If you could give me some information about the differences between normal families and compact ones it'd be great.
 A: Let $U \subset \mathbb C$ be an open set and $(X, d)$ be a complete metric space, $C(U, X)$ be the vector space of all continuous functions
from $U$ into $X$.
$F \subset C(U,X)$ is relatively compact if and only if any sequence of functions $f_n \in F$ has a subsequence which converges uniformly on compact subsets to an element of $C(U, X)$. If $F$ is relatively compact, then the closure of $F$ in $C(U, X)$ is compact.
$F \subset C(U,X)$ is called normal if any sequence of functions $f_n\in F$ has a subsequence which converges uniformly on compact subsets to an element of $C(U, X)$ or, possibly, to a constant map from $U$ into $\partial X$.
For automorphisms, since it cannot be the constant map case, it's compact, but for general analytic functions on $\mathbb D$, it's not hard to construct a family which is not relatively compact, for example, let $F = \{f_n(z) = z + n\; \text{for}\; n \in N \;\text{and} \;z \in \mathbb D\}$. Then since the orbit of $0$ is unbounded in $\mathbb C$, $F$ is not relatively compact in $C(\mathbb D, \mathbb C)$ (Arzela-Ascoli).

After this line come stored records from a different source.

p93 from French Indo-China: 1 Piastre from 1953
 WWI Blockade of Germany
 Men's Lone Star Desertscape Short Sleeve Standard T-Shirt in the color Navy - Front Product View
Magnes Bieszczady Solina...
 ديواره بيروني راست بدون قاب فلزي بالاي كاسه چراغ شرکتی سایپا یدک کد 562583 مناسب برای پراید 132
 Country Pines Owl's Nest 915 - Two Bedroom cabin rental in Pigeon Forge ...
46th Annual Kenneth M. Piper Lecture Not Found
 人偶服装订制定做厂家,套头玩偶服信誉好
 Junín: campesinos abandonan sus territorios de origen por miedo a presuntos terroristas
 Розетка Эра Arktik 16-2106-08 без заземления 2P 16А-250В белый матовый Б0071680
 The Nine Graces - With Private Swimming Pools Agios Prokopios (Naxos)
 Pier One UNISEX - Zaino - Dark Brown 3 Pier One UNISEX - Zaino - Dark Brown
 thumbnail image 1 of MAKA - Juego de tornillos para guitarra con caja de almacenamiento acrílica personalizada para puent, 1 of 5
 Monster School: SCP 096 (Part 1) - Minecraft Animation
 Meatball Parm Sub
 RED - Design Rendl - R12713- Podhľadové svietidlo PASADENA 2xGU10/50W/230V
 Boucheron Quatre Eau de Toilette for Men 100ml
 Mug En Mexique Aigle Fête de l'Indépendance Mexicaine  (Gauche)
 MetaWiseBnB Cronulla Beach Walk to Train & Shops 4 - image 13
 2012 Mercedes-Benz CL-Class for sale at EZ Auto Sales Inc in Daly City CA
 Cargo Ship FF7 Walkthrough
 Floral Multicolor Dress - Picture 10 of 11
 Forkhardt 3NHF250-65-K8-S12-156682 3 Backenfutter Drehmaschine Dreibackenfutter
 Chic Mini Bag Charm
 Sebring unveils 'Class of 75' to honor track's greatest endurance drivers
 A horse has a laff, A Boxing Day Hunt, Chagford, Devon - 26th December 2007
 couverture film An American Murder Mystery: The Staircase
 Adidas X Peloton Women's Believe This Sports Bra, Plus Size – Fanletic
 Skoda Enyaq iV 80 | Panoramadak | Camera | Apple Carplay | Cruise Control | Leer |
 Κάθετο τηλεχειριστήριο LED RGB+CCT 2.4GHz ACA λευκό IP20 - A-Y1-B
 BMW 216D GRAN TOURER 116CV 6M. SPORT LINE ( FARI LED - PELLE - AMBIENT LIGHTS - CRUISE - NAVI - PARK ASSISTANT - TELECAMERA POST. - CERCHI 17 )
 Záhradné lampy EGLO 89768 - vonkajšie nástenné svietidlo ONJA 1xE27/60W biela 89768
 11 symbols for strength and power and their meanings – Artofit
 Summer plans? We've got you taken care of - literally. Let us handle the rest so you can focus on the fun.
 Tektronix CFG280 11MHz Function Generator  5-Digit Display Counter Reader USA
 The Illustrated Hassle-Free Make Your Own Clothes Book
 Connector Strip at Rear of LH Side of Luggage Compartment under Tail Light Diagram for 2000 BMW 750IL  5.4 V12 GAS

A: What is relevant here is the following:
Claim: Let $f_n$ be a convergent sequence of automorphisms of the disc, then its limit must be an automorphism of the disc.
Proof:
Injectivity of $f:=\lim f_n$ follows from Hurwitz's theorem.
Now let us consider $g_n:=f_n^{-1}$. Since they are still automorphisms of the unit disc, Montel's theorem implies that $g_n$ has a convergent subsequence $g_{n_k}\to g$. It is easy to see that $f\circ g=z$ and this implies that $f$ is surjective.
So the set of automorphisms is sequentially compact in $\mathcal{H}(D(0,1))$ equipped with the topology of the compact-open convergence. As this space is metrizable, the set of automorphisms is compact.